Le usanze dei Celti erano attuate anche in Francia dopo la cristianizzazione: nel quindicesimo secolo la gente partecipava a una cerimonia che era simile a quella dei druidi e veniva detta guilanleuf o auguilanneuf (vischio dell’anno nuovo).





Tra le varietà di vischio quella della quercia, che era particolarmente apprezzata dai Celti, mostra bacche giallastre. Essa è stata identificata col “ramo d’oro” per il colore che assume mesi dopo la sua raccolta. La pianta si tinge, seccandosi, di una tinta brillante per la sua interezza e sembra effettivamente un ramo dorato. I contadini della Bretagna attaccavano il vischio alle facciate delle case per lungo tempo e nel mese di giugno la pianta spiccava per il suo splendore.

Anche in altre parti del mondo, come in Giappone e in alcuni luoghi dell'Africa, dove la pianta era considerata tale da tutelare l’incolumità per chi andava in guerra e ne portava con sé alcune foglie, il vischio era considerato una pianta celeste, un rimedio universale. In Boemia, un tempo era chiamato “scopa del tuono” e si credeva che potesse allontanare i fulmini.

Il carattere solare del vischio, la sua nascita dal cielo, ispirarono ai Cristiani il simbolo di Cristo, luce del mondo nato in un modo misterioso e così come il vischio è ospite di un albero, il Cristo è ospite dell'umanità, un albero che non lo generò nello stesso modo con cui genera gli uomini.

Essendo legato alla tradizione pagana la Chiesa cristiana non lo ammise inizialmente tra i suoi ornamenti. Successivamente a questa prima fase si può far risalire una leggenda sul vischio che scandiva come esso invece fosse una pianta normale. La leggenda, entrata nella tradizione, racconta che, quando Gesù doveva essere crocifisso, gli alberi per salvarlo caddero in mille pezzi mentre il vischio rimase intero e i suoi rami vennero utilizzati per la croce. Da quel momento, però, fu maledetto dal Signore e costretto ad essere rachitico, senza radici. Il vischio però fu accettato anche nelle chiese alla Vigilia di Natale e un ramo di vischio veniva collocato con una solenne cerimonia nell'altare maggiore della cattedrale di York in Inghilterra dove restava per dodici giorni nel tempo natalizio. Il periodo era quello in cui si proclamavano la pace universale e l'indulgenza alle porte della città.

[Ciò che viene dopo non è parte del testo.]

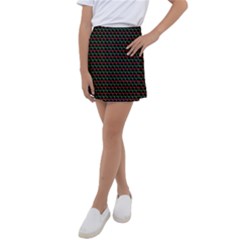 Geometric Pattern Design Line Kids  Tennis Skirt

Dal vischio deriva il termine viscoso o vischioso, sostanza attaccaticcia, liquido le cui particelle non scorrono facilmente le une sulle altre. Dalle sue bacche e dalla sua corteccia si ricava un fluido appiccicoso che, da solo o unito con quello ottenuto dall’agrifoglio, è usato per preparare la pania per gli uccellatori.